For the multi-board formats (Hudson, GoldBase) the caller must set both:

  • base.MapUser('NetReader', 60001) — pick a numeric user ID (use 60000+ to avoid colliding with real BBS users).
  • base.Board := N — the board / conference number this scan is for. The same physical Hudson base contains all 200 boards; HWM is per-(user, board).

Without either, GetHWM returns -1.

For unsupported formats SupportsHWM returns false and GetHWM returns -1; SetHWM is a no-op. Caller falls back to its own state for those formats (e.g. NR's dupedb).

Auto-bump pattern for scanners:

base.ActiveUser := 'NetReader';
for i := 0 to base.MessageCount - 1 do begin
  base.ReadMessage(i, msg);
  { ... process msg ... }
  { HWM auto-tracks the highest msg.num seen for NetReader. }
end;

When ActiveUser is set, ReadMessage calls SetHWM after each successful read if the just-read msg.num is strictly greater than the current HWM. Never decrements -- reading a lower-numbered message is a no-op. Default off (ActiveUser = '').

Multi-tenant by design: every scanner / tosser gets its own slot in the lastread file, keyed by its name. NR as 'NetReader', Allfix as 'Allfix', Fimail as 'FidoMail-Toss' -- they all coexist in .JLR / .SQL without interfering with each other or with human-user lastread.

Pack/purge is the format's responsibility: each backend's Pack rewrites the lastread file in step with the message renumbering. For JAM and Squish this is handled natively.

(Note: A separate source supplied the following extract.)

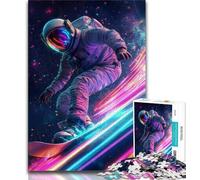 Puzzle da 1000 pezzi con astronauta che fa surf nello spazio per adulti, difficile da completare ma divertente e umoristico, unico come decorazione per la casa e regalo, 38x26cm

Capabilities API — backend self-description

Each backend declares the canonical list of attribute keys it understands via a class function:

class function TMessageBase.ClassSupportedAttributes: TStringDynArray;

Callers query before setting:

if base.SupportsAttribute('attr.returnreceipt') then
  RenderReceiptCheckbox
else
  HideReceiptCheckbox;

Backends silently ignore unknown attributes on Write (RFC 822 X-header semantics — fine for forward compatibility); the capabilities API exists so callers know in advance which keys won't survive on a given format. The full per-format support matrix lives in docs/attributes-registry.md.

Locking

Three layers, applied in order on every Open:

  1. In-processTRTLCriticalSection per TMessageBase instance.
  2. Cross-process — advisory lock on a sentinel file (<base>.lck or, for Squish, <base>.SQL so we coexist with other Squish-aware tools). fpflock(LOCK_EX|LOCK_SH) on Unix, LockFileEx on Windows. Retry with backoff up to a configurable timeout (default 30s). Lock acquire/release fires events.
  3. OS share modesfmShareDenyWrite for writers, fmShareDenyNone for readers, matching DOS-era multi-process sharing conventions every classic format expects.

Events

TMessageEvents lets callers subscribe one or more handlers to receive metBaseOpened, metMessageRead, metMessageWritten, metLockAcquired, metPackProgress, etc. Internally the dispatcher serialises calls so handlers do not need to be reentrant.

Concurrent tossers

TPacketBatch owns a queue of .pkt paths and a worker thread pool. Each worker opens its packet, reads messages, hands each to the caller-provided processor. The batch caches one TMessageBase per destination area so writes serialise through layer-1 locking; layer-2 keeps separate processes (e.g. an editor) safe at the same time.

Behavioural fidelity

Every format backend is implemented from the published format specification (FTSC documents and the original format authors' own spec papers — see docs/ftsc-compliance.md). Tests read and write real sample bases captured from working BBS installations; round-trip tests verify byte-for-byte preservation across read → write → read cycles.